▸ **Task objective**: Your answer must be the lines from the one holding "Frieren Cosplay Wig" through the final line of the entries below, copied exactly, with no pictures.

▸ **Entries supplied**:
+++

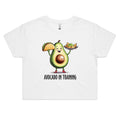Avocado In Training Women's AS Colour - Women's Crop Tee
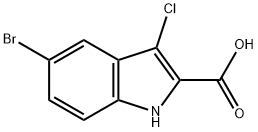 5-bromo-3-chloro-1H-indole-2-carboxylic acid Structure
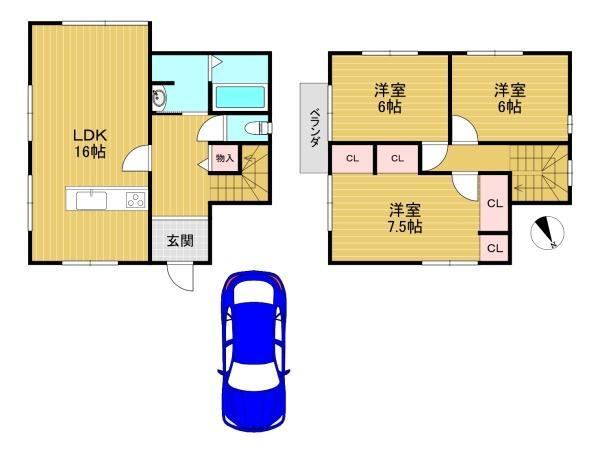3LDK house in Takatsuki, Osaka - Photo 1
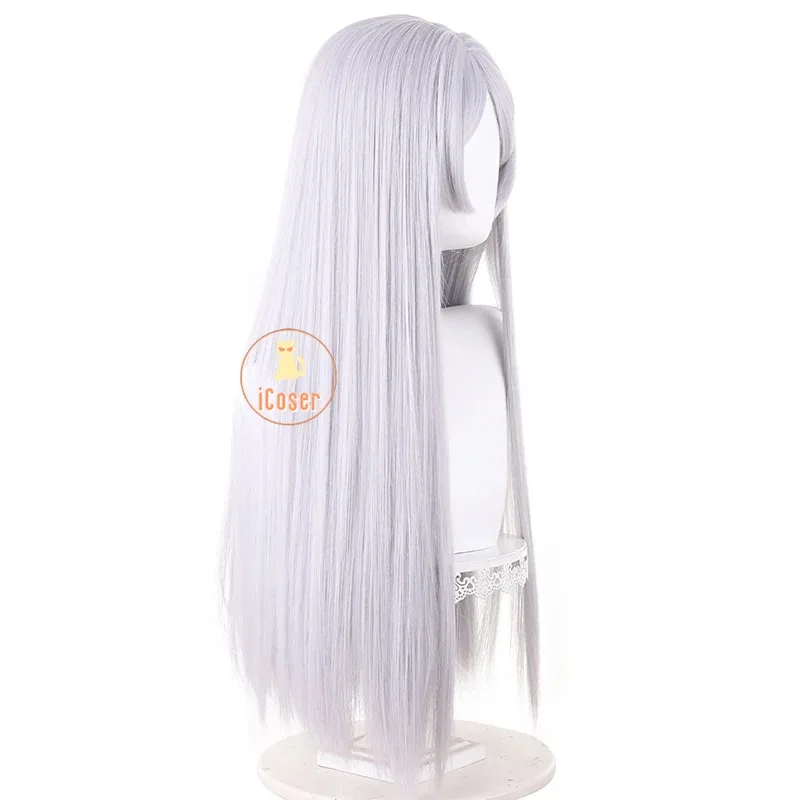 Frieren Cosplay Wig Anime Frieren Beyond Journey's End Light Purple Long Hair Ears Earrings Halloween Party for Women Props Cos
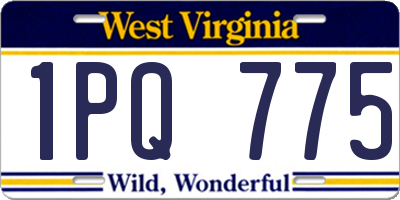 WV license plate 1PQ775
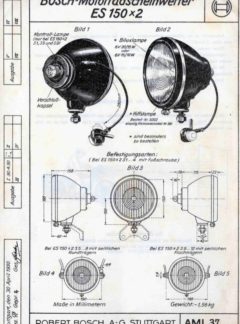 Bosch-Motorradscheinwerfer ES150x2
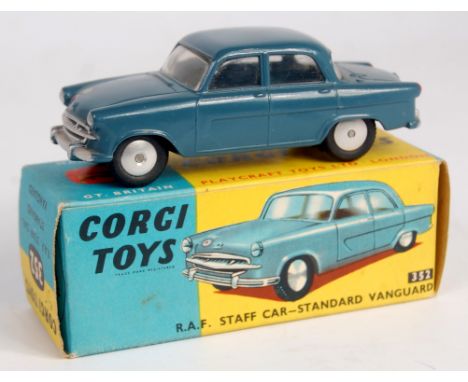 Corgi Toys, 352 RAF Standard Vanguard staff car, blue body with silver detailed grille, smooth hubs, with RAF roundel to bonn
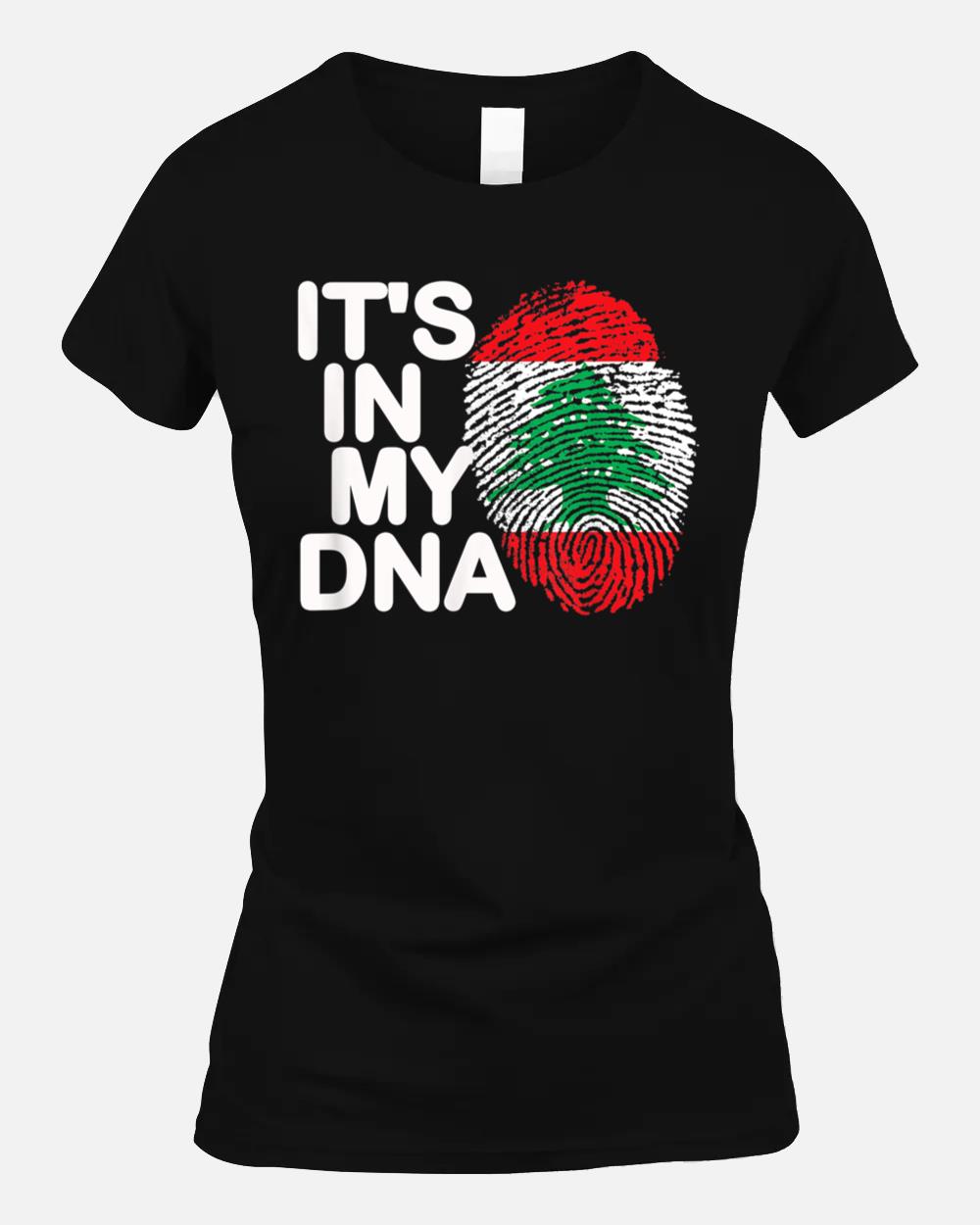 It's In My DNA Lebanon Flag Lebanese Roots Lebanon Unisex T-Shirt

+++

▸ **Task output**:
 Frieren Cosplay Wig Anime Frieren Beyond Journey's End Light Purple Long Hair Ears Earrings Halloween Party for Women Props Cos
 WV license plate 1PQ775
 Bosch-Motorradscheinwerfer ES150x2
 Corgi Toys, 352 RAF Standard Vanguard staff car, blue body with silver detailed grille, smooth hubs, with RAF roundel to bonn
 It's In My DNA Lebanon Flag Lebanese Roots Lebanon Unisex T-Shirt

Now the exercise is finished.